Down at the water, Poʻipū Beach Park has been called the best beach in America — a pair of golden crescents with calm, protected swimming and a gentle break that has taught generations of beginners to surf. Nearby, the Spouting Horn forces the surf up through a lava tube and throws spray forty or fifty feet into the air, with a low moan that the old stories tied to a giant moʻo, or lizard, caught in the rock. West of town, the Allerton and McBryde Gardens fill Lāwaʻi Valley — two of only five National Tropical Botanical Gardens in the country.

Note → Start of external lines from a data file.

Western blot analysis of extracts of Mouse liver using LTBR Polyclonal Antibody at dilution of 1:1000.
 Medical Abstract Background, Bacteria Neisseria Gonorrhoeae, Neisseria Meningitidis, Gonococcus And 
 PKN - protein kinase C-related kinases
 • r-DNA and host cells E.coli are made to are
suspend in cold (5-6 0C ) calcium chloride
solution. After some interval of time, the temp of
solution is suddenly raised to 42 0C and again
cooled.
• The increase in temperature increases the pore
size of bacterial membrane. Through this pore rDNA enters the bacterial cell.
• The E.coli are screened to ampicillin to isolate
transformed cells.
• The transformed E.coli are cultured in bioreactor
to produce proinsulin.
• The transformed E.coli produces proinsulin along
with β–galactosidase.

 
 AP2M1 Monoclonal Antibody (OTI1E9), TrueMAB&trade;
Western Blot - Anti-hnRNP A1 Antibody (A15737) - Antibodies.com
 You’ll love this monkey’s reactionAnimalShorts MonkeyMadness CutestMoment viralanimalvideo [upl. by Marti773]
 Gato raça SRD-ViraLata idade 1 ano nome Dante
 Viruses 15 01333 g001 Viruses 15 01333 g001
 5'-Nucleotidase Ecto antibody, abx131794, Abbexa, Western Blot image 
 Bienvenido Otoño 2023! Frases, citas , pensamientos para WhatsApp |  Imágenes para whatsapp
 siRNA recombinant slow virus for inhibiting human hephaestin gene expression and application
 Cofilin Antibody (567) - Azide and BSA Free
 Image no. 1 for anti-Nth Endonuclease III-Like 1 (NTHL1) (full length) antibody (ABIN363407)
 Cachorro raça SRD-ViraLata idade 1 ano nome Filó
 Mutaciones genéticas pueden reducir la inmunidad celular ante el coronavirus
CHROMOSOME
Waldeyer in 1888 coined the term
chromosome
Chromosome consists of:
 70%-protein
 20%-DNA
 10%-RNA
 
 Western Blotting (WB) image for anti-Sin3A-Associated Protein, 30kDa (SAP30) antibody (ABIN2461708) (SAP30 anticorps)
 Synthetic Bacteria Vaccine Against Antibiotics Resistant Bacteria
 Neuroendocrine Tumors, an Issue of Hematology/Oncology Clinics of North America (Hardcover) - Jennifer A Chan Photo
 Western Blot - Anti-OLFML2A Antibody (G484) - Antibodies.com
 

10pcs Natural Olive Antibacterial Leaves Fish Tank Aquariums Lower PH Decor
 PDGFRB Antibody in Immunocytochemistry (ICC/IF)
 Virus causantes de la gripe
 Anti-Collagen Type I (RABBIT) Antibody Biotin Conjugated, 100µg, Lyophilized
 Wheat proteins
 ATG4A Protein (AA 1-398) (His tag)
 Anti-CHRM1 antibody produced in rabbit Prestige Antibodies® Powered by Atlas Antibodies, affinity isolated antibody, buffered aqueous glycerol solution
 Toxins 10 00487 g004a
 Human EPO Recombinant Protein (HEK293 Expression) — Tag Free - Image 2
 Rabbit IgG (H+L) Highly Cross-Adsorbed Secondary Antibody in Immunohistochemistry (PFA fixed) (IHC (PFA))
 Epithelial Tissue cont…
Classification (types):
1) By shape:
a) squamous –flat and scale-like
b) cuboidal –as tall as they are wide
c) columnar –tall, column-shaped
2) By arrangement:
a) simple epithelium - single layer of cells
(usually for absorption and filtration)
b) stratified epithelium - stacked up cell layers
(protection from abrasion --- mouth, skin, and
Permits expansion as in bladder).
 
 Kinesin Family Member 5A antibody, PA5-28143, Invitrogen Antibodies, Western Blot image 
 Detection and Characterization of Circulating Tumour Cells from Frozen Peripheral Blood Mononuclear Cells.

Just up the road from Poʻipū sits Kōloa, where in 1835 the firm of Ladd & Company opened Hawaiʻi's first commercially successful sugar plantation. It was the start of something far larger than one mill. Over the decades that followed, workers arrived from China, Japan, Korea, the Philippines, Portugal, and Puerto Rico to work the cane, and that gathering of arrivals became the foundation of modern Hawaiʻi's blended, multicultural community. Kōloa's plantation era ran for more than a century and a half, and you can still walk straight into it today.
Why People Visit Poʻipū
Poʻipū rewards visitors who want Hawaiʻi at its sunniest and most easygoing — a warm, protected coast with a century of south-shore history behind it. People come for Poʻipū Beach and the Spouting Horn, for the gardens and the golf, and for the plantation-era streets of Old Kōloa Town, where the Garden Isle's layered past sits a short walk from the sand.